黃湘源
編者按:2002年是中國股市走向質變的一年,充滿了變數,也充滿了機遇,交易品種將日趨豐富,市場監管也將更加完善。為此我們對國內股市在新一年的發展做了一次展望,前日我們刊登了文章的上半部分《2002年股市凸現三大特色》,今日我們刊出該文的下半部分《破解今年股市走勢之謎》。
證券品種多樣化的時代正在到來,不妨說,這也是WTO帶來的新氣象。
一向“養在深閨人未識”的債券走出深閨。在市場經濟發達的國家,債券市場和股票市場是資本市場發展的兩個“輪子”,發達的歐美資本市場上債券幾乎與股票平分秋色,美國公司債券余額在2001年上半年已經超過了商業銀行貸款余額,接近上市公司的股票市值總額。而我國目前企業債券二級市場交易品種少,規模小,已成為制約我國企業資金來源,增加我國金融體系風險的一個重要因素。
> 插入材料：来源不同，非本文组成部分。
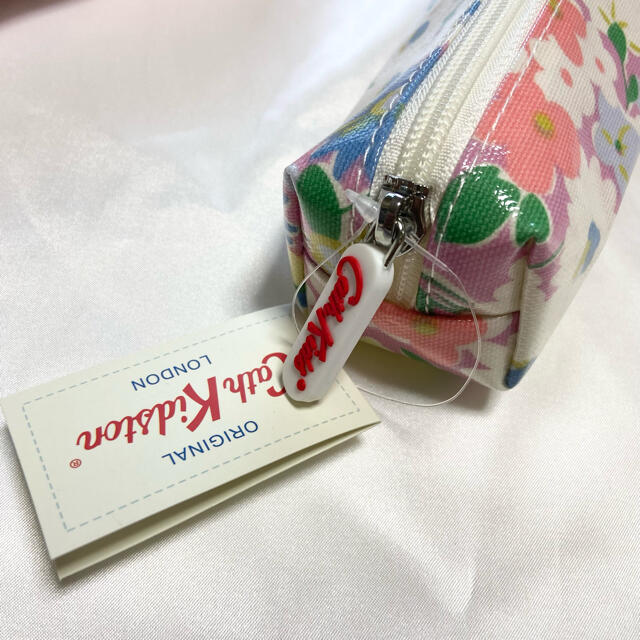 Cath Kidston(キャスキッドソン)の【未使用】Cath Kids ペンケース ポーチ 2個セット インテリア/住まい/日用品の文房具(ペンケース/筆箱)の商品写真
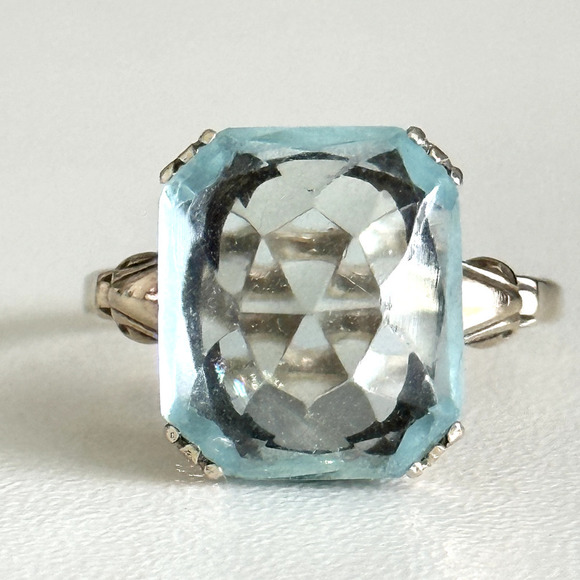 Vintage 10K Yellow Gold Blue Faceted Glass Transparent Ladies Band Ring Size 8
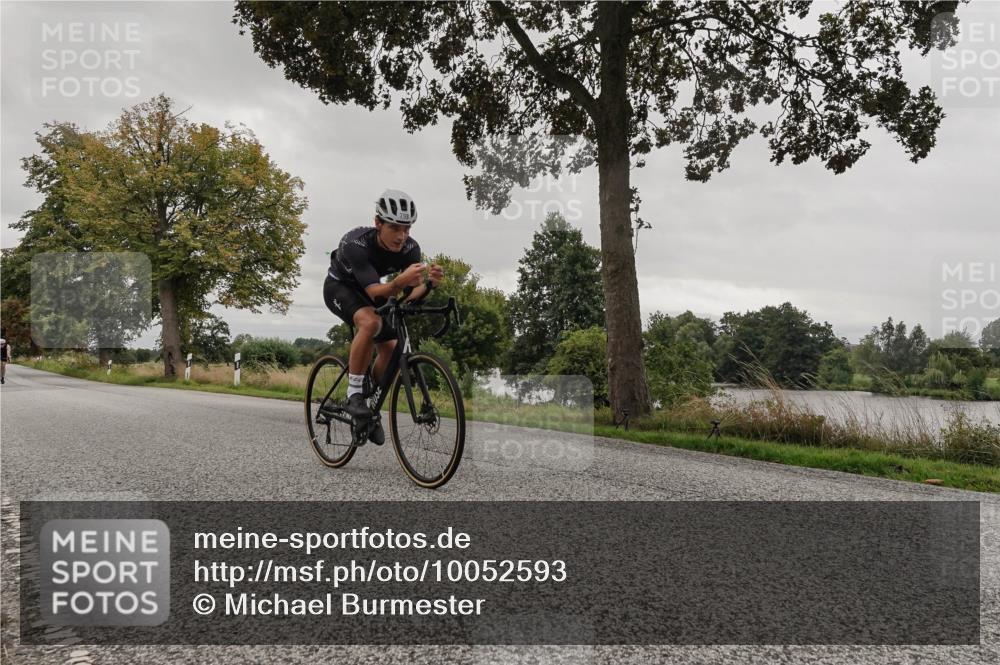 30.08.2026 - Elbe Triathlon Hamburg Michael Burmester http://msf.ph/oto/10052593 30.08.2026 10:35:51 Radfahren 798, 1074 meine-sportfotos.de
近來,債券市場開始紅火熱鬧起來,為資本市場注入了新的活力。債券市場發行了多只債券新品種,20年期國債投標競爭異常激烈,50億元規模的中移動債券的發行成功對于增強企業債券的流動性將有積極的作用,發行可轉換債券的上市公司越來越多,還有500億元的西部開發債券等待發行。債券得到以證券投資基金為代表的機構投資者的青睞,絕大多數基金的投資組合中,國債和債券的投資比例顯著提高。債券有望成為未來中國資本市場上的主角。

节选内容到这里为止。